You are not broken, I translated. You are not wrong.

“Grand Ballroom. January twelfth.” Sloane held out first one finger, then another, like she was counting. “The pattern says the next murder is going to happen in the Grand Ballroom on January twelfth.”

Three days. If Sloane was right about the Fibonacci dates, that wasn’t our only problem.

“Speaking of the pattern,” I told Sterling and Briggs, dread seeping back over my body, “there’s something else you should know.”





“Sloane hacked the FBI’s files. Based on what she found, you think our UNSUB might have done this before.” Agent Sterling let her summation of what I’d just said hang in the air for several seconds before she added, “Twice.”

“It’s just a theory,” I replied before either of the agents could decide that now was a good time to lecture Sloane on the virtues of not hacking the FBI. “But the case Sloane found was never solved, and it fits the pattern.”

“With respect to location as well?” Briggs asked.
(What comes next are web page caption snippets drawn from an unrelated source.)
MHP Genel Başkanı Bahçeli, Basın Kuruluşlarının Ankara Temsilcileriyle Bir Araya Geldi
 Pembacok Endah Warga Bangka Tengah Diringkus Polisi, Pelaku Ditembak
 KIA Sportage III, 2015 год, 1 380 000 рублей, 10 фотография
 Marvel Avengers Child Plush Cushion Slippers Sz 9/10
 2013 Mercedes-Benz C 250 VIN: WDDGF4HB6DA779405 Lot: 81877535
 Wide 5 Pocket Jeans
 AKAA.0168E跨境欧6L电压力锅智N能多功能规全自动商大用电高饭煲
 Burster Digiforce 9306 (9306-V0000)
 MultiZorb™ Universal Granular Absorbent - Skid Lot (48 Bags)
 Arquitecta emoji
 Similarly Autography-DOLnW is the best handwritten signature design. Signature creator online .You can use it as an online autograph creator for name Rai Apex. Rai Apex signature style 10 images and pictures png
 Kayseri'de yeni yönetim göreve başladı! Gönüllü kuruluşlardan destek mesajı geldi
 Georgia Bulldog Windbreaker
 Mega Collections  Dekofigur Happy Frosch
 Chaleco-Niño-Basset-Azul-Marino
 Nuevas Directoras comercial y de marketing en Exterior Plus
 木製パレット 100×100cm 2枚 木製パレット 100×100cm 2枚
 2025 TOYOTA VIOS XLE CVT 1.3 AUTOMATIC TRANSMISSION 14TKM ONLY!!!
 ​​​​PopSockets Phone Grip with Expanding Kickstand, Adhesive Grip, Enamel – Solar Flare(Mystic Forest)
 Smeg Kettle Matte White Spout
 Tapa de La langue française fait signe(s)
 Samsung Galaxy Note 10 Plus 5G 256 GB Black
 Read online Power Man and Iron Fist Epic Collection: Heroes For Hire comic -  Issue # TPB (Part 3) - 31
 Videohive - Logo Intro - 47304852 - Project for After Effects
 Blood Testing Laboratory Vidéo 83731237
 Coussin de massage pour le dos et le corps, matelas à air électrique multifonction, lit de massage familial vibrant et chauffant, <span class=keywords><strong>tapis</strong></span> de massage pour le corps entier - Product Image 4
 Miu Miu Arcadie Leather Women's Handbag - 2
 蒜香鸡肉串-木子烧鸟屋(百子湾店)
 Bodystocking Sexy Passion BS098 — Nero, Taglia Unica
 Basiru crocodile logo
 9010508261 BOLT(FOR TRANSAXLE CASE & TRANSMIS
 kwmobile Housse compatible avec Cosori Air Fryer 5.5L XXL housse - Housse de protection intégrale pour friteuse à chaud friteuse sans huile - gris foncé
I could practically hear him rubbing his temples. “Was that killer working in a spiral?”

“A Fibonacci spiral,” Sloane corrected. “And no, he wasn’t.”

“Numbers on the wrists?” Sterling asked.

“No,” Sloane said again.

No numbers on the wrist. No spiral. If we were dealing with the same killer, then that killer had changed. That wasn’t unheard of, but we typically saw changes in an UNSUB’s MO—the necessary elements of a crime. Writing numbers on the victims’ wrists wasn’t necessary. Killing them in a spiral was a choice. A killer’s MO might change, but typically, the signature stayed the same.